Düşünce hayatın ruhudur

Vatan Partisi’nin yüksek ahlâk, erdem ve buram buram millilik kokan siyaset kapısından adımını atmış bulunmanın” kıvancı ile, haftada iki kez (Pazar ve Çarşamba günleri) konuk olacağım bu köşedeki ilk yazımı bireysel ve toplumsal yaşantının devinim kaynağı olan düşünce-hayat ilişkisine ayırıyorum:

Evet, düşünce hayatın ruhudur.

Düşünce ve sözün gücünden yoksun oluş, canın bedeni terk ediş anlamına gelir.

Düşünmeyen, tefekkür etmeyen; akıl yeteneğini kullanmanın, derin düşünmenin diriltici etkisinden bihaber; sözden, dilin millete vücut veren gücünden ve edebiyatın diriltici soluğundan yeterince nasibini alamamış toplumların hayat damarları kurumaya yüz tutmuştur.

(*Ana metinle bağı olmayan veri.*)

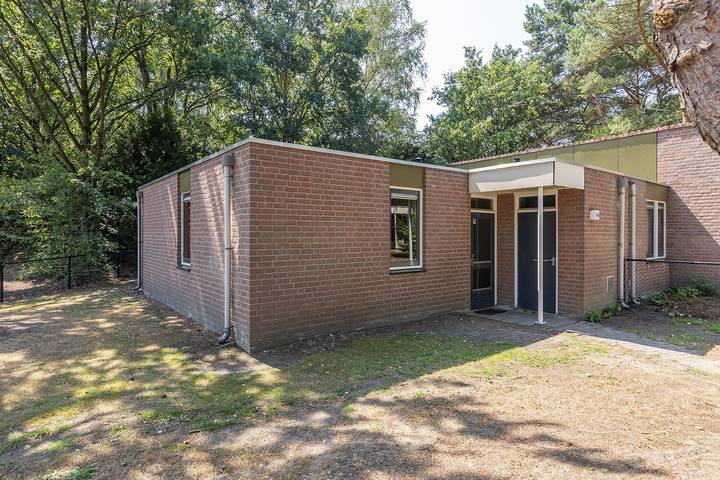 Bungalow für 4 Personen, mit Garten und Terrasse sowie Pool - 1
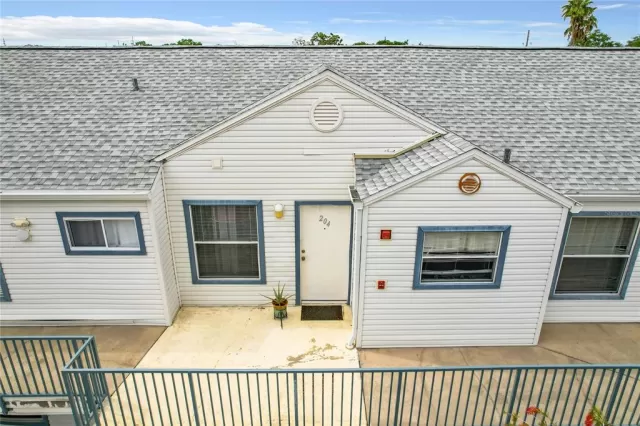 MLS: O6342397 Condo For Sale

Bilgisizliğin zemherisinde kalmış, cehaletin ayazında fikirsizliğin batağına saplanmış toplumlar ölümün tatlı uykusunda ağır ağır, donma ve çürüme kaderi ile baş başa kalırlar.

Düşünme erdeminden mahrum toplumları bekleyen tek akıbet; donma (incimad) ve taşlaşma (ihticar); bunun kaçınılmaz sonucu ise, onulmaz komalara, derin uykulara düçar oluş; gericilik, yani irticadır.

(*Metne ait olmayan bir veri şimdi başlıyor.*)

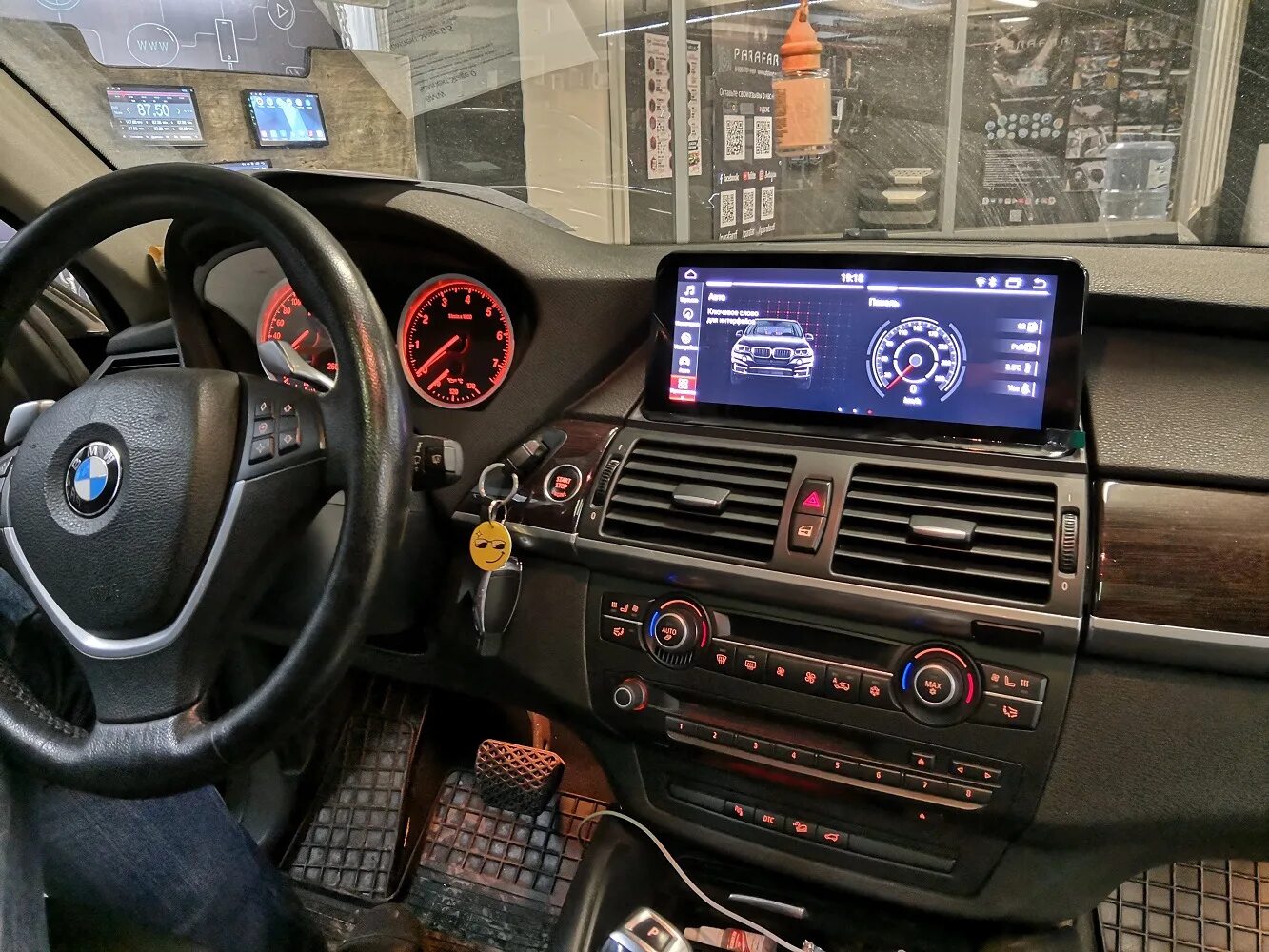 Андроид x5 e70. Магнитола бмв х5 е70. bmw e70 магнитола. автомагнитола bmw x5 e70. магнитола для бмв х5 е70 на андроид.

Hayat ağacımızın dalları ve yaprakları ancak düşüncenin abıhayatı ile canlanacak ve revnak bulacaktır.

Sözün büyük ustası Fuzuli “söz” redifli bir gazelinde bakınız bu gerçeği asırlar öncesinden nasıl bir kudretle dile getiriyor:

Ver söze ihyâ ki tutdukça seni hâb-ı
Ede her sâat seni ol yuhudan bîdâr söz

Bu berceste beyti günümüz diliyle söyleyelim: “Ey aziz! Söze hayat ver ki, ölüm uykusu seni kuşattığında, (söz) her zaman seni o uykudan uyandırsın.”

Fuzulî, burada sözün (düşünmenin, konuşmanın) insanı ve toplumu ölüm uykularından uyandırdığı gerçeğinden bizi haberdar ediyor.

Aşkın eşsiz şairi ve hikmetli söyleyişin büyük ustası Fuzulî, söze toplumları yaşatan ve insanı insan yapan temel bir değer olarak bakmakta; onu hayatın ruhu ve canı olarak değerlendirmektedir.

Fuzuli bu beyitte ayrıca sözün yani edebî faaliyetin insanın adını sonsuzlaştıracağı gerçeğine de işaret ediyor. Ona göre; insan eğer söze hayat verecek olursa, kendisi ölse bile, söz onu her an yeniden hayata döndürecek ve ölümsüzlüğe taşıyacaktır.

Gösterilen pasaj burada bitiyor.